Due anniversari nefasti

 

Una ragazza, una bandiera, un simbolo...

Lo stendardo nero dell’anarchia sventola sulla Città Luce. Siamo nel maggio 1968 e a Parigi è scoppiata la rivoluzione della Sorbonne, auge ed epitome d’una insurrezione giovanile che ormai infuriava in quasi tutto il mondo. Non era un’insurrezione qualunque. I suoi alfieri parlavano d’una "rivoluzione totale" per provocare "la disintegrazione del sistema". Si proclamava la "morte della civiltà". 

Ci sono certe date che segnano la storia. Tali furono il 1789 della Rivoluzione francese e il 1917 della Rivoluzione russa. Tale fu anche il 1968. Secondo Time " il ‘68 fu un rasoio che separò il passato dal futuro". Vero, ma solo nel senso che il ‘68 fu l’anno cruciale ed emblematico di un gigantesco processo rivoluzionario, di cui le prime avvisaglie risalivano a molti anni prima e il cui compimento si ebbe solo qualche tempo dopo, nella forma d’una generale trasformazione nei comportamenti delle genti, nel loro abbigliamento, nella vita quotidiana, nell’educazione, nella cultura. Apparentemente sconfitta, la rivoluzione del ‘68 fu invece la più vittoriosa della storia.

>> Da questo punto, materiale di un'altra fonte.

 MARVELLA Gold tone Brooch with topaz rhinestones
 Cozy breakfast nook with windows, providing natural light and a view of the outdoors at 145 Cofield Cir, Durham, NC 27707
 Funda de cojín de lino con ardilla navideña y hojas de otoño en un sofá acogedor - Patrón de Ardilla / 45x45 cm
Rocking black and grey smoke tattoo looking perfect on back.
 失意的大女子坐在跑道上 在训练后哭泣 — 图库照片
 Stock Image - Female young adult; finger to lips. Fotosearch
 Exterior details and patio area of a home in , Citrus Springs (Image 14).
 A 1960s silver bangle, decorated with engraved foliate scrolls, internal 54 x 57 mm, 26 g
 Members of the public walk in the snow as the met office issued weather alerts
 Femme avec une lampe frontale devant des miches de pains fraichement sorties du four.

Vittoriosa perché subdola. Vittoriosa perché, a differenza di altre rivoluzioni, si diffuse in forma quasi esclusivamente culturale e tendenziale. Vittoriosa perché la società moderna non seppe, o non volle, contrastarla nel suo spirito, lasciando che si diffondessi come macchia d’olio. Oggi le ragazze di famiglie conservatrici si vestono come nemmeno le Passionarie delle barricate osavano e la musica, che nel ‘68 era pegno di rivoluzione, viene suonata perfino in chiesa...

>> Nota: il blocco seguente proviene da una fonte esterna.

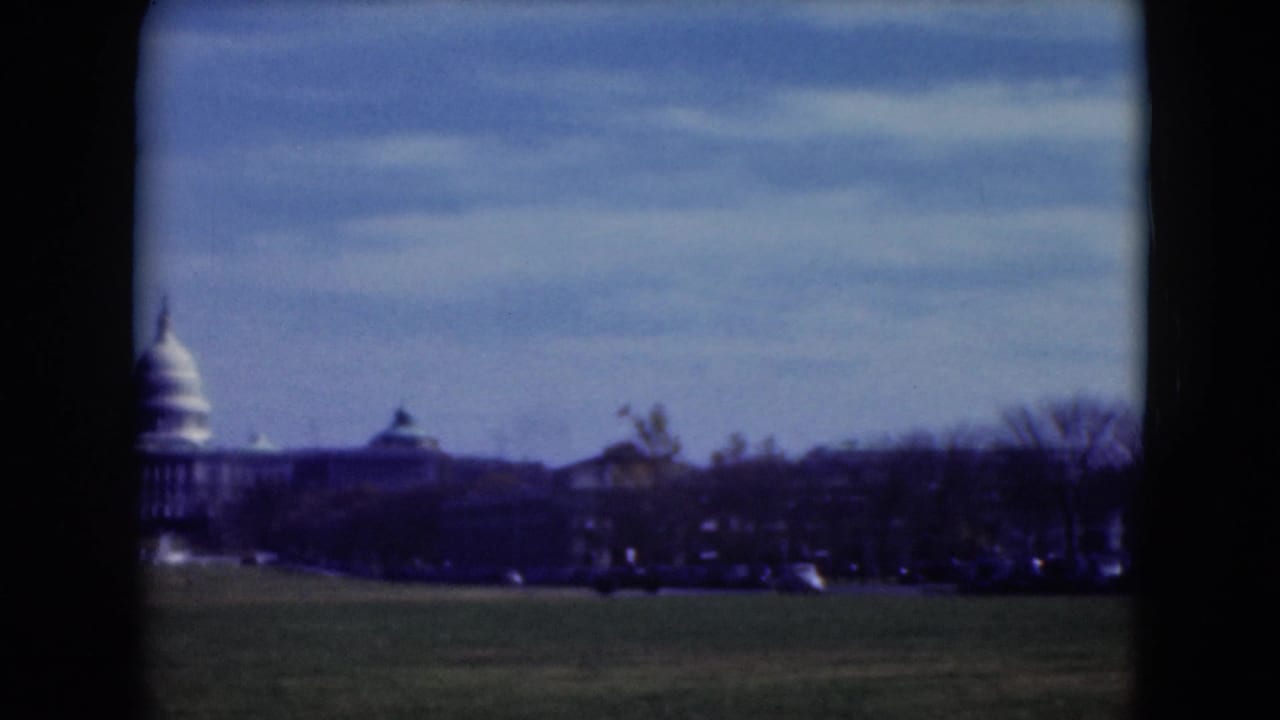 1975 8mm view of the U.S. Capitol seen from a lawn in Washington, D.C., with trees and cars along the horizon.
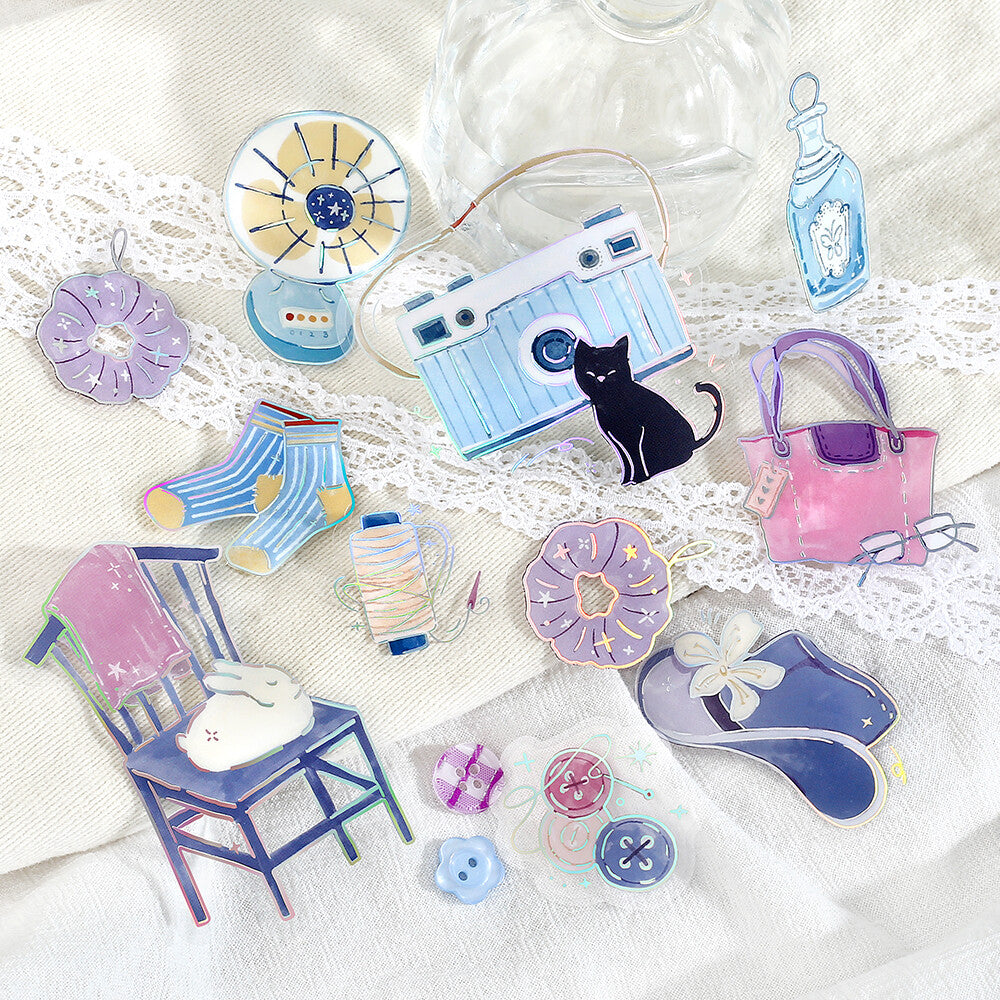 Collection of colorful enamel pins on a textured white background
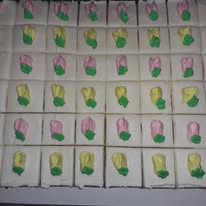 Rows of cake squares decorated with pink and green frosting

Si suole dire, con perfetta ragione, che la crisi odierna è frutto della tremenda scristianizzazione che ha colpito l’Occidente, facendogli perdere il senso religioso della vita. Nel ricordare il 40° anniversario della Sorbonne, non possiamo non rilevare come oggi ci siano segni d’una forte ripresa spirituale, specie fra i giovani. Una ripresa che, però, non ha ancora trovato espressioni tendenziali che gli permettano di porsi come alternativa culturale al ‘68. Sicché ci troviamo nella situazione alquanto paradossale d’una reazione antisessantottina che, però, troppo spesso si manifesta con modi prettamente sessantottini...

Ma ricordiamo pure un altro nefasto anniversario.

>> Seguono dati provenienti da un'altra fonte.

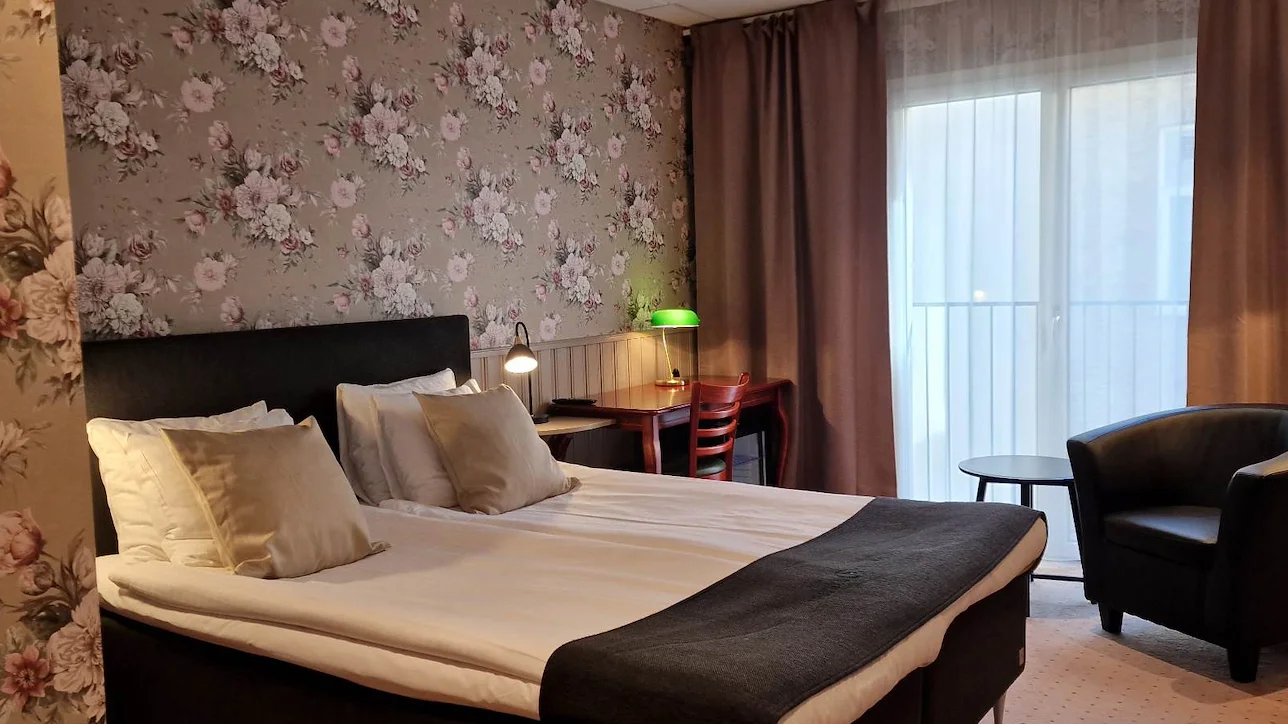 En dubbelsäng i ett rum med blommiga tapeter, en skinnfåtölj och en fransk balkong.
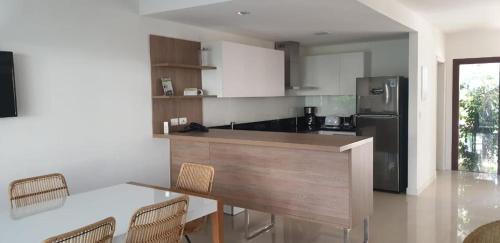 Solanas Apartment | GARDENS VIEW DUPLEX CON PARRILERO y CRYSTAL BEACH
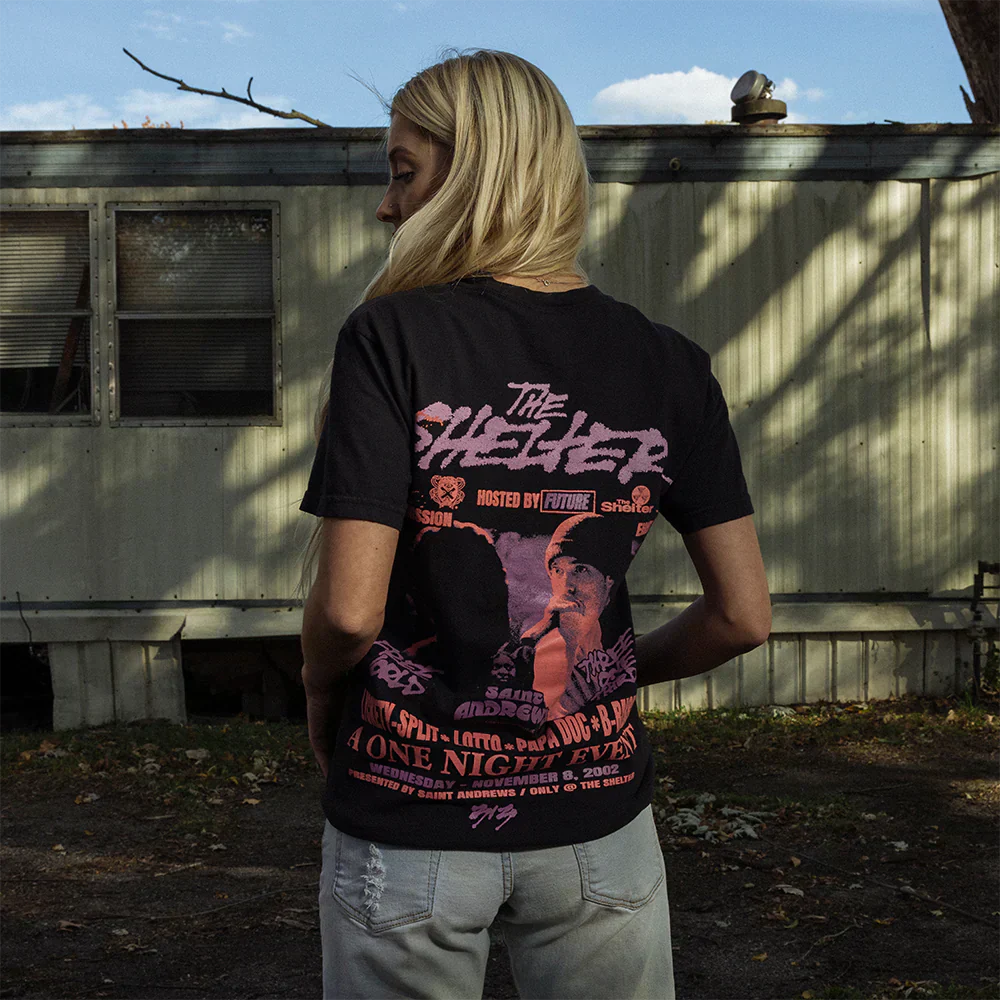 Back of The Shelter Event Black T-Shirt worn by a woman, highlighting the detailed event poster print with Eminem's figure and venue details - Eminem Concert Series.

Il 21 gennaio 1977, per 310 voti a favore e 296 contro, passava in prima votazione a Montecitorio la legge 194 sull’aborto, promulgata poi il 22 maggio 1978. Evitando ad ogni costo un dibattito nazionale, il partito allora maggioritario si assunse non solo la responsabilità dell’esito della votazione ma addirittura, nel dicembre del ‘79, la difesa della legge di fronte alla Corte Costituzionale.

Il risultato è stato un fiume di sangue innocente che, purtroppo, non accenna a rallentare...

Trent’anni dopo, frutto di profondi cambiamenti nell’opinione pubblica, sembra che stia sorgendo una rinnovata consapevolezza del carattere fondamentalmente criminale di questa legge e, quindi, dell’urgenza di procurarne l’abrogazione o almeno, come un primo passo, l’attenuazione.

Tutto dipende da noi. Abbiamo bisogno di scuotere l’immobilismo accomodaticcio che troppo spesso paralizza i cattolici. Nell’ora presente serve quella "fede coraggiosa e militante" della quale parlava Pio XII ai giovani dell’Azione Cattolica: "Sia la vostra una fede che non si chiude nella torre d’avorio. (...) Abbiate una fede coraggiosa e militante, come di chi confida in Cristo vincitore del mondo".